Which brings me to the notion that infidelity may be a gender issue, or an emotional issue, or an economic, social, or medical issue. It often precipitates legal issues. The judge at my second assault trial ("You got away with it this time, Mr. D-, but you don't ever want to be in front of me again."), once retired from the bench refused to practice any type of matrimonial law, "It is the only legal contract which is assumed to be not necessarily binding.".

I assert that infidelity is a survival issue, at least that's what I get from reading the book of the Exodus. A captive nation was seeking freedom, struggling to be free, and amid extreme duress was given certain basic principles which would ensure social order and promote the highest personal development (see Emmet Fox, The Ten Commandments). When I refuse to honor a promise to which I have freely committed, who could trust me? How could a productive partnership, of any nature, be sustained? When many people act in this manner, upon what foundation is the future established?

Is perpetual monogamy "natural"? I dunno, wild geese do it. Is it almost impossibly difficult? No sh*t! A priest once confided to me that he believed that marriage is "... a much more difficult calling than being a priest. That is why Christ performed his first public miracle at a wedding and why the Church has made it a sacrament. For the ordinary person it is just too difficult, without special grace."

Today, I try to practice fidelity, in ALL things. Try to practice. Before I moved in with my youngest (he's doing his own shopping now) and his Mom I was living on a sailboat, feeling like Huck Finn, free to do whatever whenever with whomever. This evening I'll have the opportunity, once again, to be enchanted by my granddaughter's laughter. PRICELESS.

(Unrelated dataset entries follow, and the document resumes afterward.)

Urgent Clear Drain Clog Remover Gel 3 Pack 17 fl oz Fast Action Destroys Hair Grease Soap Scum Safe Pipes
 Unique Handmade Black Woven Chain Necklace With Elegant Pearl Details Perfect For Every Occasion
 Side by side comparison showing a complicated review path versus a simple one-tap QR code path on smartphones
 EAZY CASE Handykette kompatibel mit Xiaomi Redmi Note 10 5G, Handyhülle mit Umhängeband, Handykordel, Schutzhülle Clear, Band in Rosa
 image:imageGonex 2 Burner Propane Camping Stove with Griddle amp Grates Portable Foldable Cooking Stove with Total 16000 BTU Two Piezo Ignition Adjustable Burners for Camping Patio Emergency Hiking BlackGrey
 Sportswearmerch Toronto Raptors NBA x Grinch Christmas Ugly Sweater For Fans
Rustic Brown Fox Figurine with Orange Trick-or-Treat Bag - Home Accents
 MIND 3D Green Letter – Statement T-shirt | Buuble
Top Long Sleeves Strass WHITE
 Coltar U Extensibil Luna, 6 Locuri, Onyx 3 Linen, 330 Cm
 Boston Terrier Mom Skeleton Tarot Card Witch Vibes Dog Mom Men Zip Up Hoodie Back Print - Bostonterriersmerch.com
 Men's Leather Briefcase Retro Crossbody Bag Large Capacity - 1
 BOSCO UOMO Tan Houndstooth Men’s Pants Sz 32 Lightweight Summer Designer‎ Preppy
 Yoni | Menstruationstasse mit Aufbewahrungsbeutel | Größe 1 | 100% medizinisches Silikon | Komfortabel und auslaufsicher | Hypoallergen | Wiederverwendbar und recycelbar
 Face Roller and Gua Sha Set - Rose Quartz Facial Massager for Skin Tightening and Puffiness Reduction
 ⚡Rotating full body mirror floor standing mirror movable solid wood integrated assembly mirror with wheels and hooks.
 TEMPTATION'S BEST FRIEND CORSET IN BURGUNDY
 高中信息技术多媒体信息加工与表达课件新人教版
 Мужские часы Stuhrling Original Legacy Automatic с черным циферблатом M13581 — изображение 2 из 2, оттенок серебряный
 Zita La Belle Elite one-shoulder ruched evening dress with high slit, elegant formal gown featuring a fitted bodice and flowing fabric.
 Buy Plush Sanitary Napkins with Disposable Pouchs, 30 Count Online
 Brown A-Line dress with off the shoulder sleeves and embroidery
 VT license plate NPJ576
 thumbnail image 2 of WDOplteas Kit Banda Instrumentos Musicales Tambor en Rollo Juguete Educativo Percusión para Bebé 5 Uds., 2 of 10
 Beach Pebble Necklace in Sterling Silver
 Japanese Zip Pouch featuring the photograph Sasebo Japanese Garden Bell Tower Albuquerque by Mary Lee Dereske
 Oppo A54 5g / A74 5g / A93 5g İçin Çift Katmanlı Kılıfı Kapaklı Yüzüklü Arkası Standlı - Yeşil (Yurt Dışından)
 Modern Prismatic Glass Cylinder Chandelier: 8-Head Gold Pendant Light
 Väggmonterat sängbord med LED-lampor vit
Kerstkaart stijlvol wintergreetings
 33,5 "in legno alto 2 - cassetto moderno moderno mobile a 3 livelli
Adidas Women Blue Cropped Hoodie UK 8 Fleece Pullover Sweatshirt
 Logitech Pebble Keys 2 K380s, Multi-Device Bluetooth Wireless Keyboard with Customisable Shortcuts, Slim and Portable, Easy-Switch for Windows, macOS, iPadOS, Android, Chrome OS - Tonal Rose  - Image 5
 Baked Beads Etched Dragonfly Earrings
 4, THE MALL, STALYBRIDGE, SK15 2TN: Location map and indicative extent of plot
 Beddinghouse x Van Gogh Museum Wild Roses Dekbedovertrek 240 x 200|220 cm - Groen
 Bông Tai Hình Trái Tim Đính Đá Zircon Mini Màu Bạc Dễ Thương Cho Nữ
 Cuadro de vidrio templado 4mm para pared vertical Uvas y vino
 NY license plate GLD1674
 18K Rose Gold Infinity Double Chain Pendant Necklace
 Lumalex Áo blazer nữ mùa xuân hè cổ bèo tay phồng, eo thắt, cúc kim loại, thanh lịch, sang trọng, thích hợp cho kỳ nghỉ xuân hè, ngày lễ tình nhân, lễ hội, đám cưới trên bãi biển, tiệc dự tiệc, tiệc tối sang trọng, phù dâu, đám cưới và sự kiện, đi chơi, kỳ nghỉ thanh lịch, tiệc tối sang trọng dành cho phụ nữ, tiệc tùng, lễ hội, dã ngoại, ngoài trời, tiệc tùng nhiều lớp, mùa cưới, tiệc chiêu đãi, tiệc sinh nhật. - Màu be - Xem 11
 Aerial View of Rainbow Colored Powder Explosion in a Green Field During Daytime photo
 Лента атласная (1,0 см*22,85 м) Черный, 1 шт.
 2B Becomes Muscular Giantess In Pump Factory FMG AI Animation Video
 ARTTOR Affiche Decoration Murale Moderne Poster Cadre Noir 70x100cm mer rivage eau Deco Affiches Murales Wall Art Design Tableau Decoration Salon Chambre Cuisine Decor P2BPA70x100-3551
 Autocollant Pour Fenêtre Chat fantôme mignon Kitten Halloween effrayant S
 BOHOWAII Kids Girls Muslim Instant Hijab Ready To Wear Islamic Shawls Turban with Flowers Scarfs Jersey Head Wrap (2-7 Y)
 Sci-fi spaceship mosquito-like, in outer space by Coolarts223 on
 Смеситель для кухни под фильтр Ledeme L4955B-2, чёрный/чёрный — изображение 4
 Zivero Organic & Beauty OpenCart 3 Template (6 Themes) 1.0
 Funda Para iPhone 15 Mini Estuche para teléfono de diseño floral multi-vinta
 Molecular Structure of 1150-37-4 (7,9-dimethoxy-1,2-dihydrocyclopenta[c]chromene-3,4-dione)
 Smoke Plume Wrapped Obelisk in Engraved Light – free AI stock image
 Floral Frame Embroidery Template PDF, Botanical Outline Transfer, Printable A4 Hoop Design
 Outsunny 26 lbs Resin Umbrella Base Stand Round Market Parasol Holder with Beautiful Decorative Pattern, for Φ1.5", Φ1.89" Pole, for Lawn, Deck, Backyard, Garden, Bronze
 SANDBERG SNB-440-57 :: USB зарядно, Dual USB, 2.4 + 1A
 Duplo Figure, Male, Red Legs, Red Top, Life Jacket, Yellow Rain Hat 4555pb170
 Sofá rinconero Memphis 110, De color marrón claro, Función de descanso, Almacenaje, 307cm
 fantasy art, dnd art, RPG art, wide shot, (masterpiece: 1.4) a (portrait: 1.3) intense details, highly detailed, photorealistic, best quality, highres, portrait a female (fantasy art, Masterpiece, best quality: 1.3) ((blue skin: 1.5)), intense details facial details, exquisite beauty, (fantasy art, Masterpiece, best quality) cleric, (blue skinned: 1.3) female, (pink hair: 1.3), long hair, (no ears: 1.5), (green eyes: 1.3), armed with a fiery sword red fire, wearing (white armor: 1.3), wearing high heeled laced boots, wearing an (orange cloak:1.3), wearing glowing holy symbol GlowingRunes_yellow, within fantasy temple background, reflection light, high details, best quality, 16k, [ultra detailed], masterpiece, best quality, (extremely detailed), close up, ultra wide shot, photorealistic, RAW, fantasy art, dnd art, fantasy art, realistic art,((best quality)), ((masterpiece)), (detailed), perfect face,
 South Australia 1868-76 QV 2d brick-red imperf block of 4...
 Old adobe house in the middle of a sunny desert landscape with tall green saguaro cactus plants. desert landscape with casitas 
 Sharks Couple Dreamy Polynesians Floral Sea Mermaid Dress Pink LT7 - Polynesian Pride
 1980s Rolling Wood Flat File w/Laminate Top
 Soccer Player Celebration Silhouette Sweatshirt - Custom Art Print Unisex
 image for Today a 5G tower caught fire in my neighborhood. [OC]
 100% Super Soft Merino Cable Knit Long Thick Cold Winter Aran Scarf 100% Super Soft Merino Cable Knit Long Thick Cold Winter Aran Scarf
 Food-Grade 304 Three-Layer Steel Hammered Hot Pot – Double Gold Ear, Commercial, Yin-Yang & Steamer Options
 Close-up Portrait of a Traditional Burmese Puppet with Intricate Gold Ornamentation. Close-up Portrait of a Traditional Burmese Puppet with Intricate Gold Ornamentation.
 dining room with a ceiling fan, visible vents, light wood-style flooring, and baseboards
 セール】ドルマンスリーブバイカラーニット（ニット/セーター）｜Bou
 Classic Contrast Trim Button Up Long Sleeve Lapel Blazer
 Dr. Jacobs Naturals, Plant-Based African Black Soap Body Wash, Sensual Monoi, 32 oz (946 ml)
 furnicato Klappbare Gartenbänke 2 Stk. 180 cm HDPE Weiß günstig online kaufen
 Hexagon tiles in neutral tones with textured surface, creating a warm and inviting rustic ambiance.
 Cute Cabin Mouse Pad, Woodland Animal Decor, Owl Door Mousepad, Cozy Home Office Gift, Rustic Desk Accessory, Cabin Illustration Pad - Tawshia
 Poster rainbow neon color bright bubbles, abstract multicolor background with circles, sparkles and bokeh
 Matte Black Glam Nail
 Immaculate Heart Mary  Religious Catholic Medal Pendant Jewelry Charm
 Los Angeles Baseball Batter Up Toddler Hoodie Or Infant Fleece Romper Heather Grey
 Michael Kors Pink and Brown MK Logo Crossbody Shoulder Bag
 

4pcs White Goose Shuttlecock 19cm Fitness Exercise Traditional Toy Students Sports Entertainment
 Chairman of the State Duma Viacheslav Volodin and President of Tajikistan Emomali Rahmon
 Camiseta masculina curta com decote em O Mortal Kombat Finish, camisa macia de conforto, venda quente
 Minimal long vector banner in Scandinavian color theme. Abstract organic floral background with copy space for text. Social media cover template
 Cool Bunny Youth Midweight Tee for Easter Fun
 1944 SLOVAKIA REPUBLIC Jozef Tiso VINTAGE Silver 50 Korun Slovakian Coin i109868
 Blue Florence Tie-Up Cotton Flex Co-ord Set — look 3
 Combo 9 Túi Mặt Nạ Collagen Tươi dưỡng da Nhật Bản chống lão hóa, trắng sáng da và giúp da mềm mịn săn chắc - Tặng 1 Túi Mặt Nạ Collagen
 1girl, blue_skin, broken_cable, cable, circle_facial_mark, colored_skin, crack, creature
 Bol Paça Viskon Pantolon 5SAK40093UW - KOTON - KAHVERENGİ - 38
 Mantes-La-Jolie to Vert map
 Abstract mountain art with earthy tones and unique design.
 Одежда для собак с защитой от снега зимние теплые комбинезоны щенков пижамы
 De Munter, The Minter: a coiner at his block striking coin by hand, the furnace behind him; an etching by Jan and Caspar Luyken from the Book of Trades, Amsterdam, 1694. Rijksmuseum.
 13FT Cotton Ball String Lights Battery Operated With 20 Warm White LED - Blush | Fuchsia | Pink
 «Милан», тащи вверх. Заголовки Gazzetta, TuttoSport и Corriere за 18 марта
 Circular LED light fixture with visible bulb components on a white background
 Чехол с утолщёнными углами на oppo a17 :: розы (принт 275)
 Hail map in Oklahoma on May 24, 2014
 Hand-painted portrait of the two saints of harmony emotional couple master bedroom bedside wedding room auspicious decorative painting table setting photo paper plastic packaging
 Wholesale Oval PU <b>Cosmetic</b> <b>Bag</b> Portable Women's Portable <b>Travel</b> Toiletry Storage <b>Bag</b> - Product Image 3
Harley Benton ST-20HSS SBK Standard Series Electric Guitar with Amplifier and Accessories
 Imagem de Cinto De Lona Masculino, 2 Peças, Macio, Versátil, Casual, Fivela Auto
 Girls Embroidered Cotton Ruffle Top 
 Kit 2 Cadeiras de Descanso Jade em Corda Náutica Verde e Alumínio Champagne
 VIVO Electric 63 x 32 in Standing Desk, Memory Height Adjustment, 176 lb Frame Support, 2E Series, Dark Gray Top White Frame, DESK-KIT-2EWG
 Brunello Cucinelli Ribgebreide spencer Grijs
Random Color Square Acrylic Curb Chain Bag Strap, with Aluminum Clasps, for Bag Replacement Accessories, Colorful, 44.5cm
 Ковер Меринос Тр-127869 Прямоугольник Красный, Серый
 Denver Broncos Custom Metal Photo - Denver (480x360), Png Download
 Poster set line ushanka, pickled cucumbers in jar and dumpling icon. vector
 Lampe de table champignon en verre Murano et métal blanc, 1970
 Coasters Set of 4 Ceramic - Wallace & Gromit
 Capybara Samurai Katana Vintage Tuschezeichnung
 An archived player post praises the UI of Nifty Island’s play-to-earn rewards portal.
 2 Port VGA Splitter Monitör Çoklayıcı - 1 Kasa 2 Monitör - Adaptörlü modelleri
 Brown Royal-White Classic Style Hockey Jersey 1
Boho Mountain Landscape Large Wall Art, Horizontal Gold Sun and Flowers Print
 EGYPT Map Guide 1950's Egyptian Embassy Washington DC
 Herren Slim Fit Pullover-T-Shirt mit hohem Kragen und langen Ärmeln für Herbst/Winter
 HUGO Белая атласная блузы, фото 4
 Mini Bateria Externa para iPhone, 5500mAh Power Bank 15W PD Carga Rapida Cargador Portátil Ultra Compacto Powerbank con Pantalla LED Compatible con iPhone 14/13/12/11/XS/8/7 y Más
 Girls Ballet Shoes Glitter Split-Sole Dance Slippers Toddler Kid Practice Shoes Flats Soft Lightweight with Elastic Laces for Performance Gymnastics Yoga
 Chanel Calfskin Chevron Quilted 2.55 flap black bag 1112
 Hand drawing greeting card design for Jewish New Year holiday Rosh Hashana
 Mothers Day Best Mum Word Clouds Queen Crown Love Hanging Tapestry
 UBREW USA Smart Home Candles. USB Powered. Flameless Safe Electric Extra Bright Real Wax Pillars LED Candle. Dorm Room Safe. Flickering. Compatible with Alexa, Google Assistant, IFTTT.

Fidelity, as love, is worth what it costs.
Liz Emrich: I cannot help but wonder whether the institution began to disintegrate when it stopped being viewed as an economic and social arrangement and became subject to emotion and whim. If you think about it, making a decision when we are in love (i.e., subject to the power of our neurotransmitters) is a lot like making a decision while under the influence.

It makes me think of a quote by Zsa Zsa Gabor: "Getting divorced just because you don't love a man is almost as silly as getting married just because you do." She's been married nine times--I can't decide if that makes her an expert or disqualifies her completely.

Rich Banks: I agree that people choose to have extramarital affairs for their own reasons and that there is no 100 percent true statement to explain what each gender is looking for. All we can do is look to the experience of those in the field and take into account their findings.

I'm glad we have connected, Rich. I look forward to reading your own thoughts on the matter and getting to know you better.

Old Gold: Thank you for sharing your personal experience here. This is my first posting at OpenSalon and already it has proven its worth as a place to interact with other giving minds.

I hear the wild geese argument all the time. The problem is that we're not wild geese. But you do raise valid questions: When I refuse to honor a promise to which I have freely committed, who could trust me? The problem is that this promise is eternal and assumes nothing will ever change. But the system and the people within it is always changing. The promise, therefore, should not be given once, but continuously. Only if we are realistic about our commitments will we be able to build a solid foundation for the future.

Having said that, I think the Church is powerful in aiding the survival of the institution as it stands because of the constraints that it applies to its flock. Faith--and fear--can act as a flying buttress the way society's rigid norms once did.

I love what the priest said to you about marriage being more difficult than chastity. I had never thought about it like that. And your closing line: "Fidelity, as love, is worth what it costs." is a sentiment I'll not soon forget.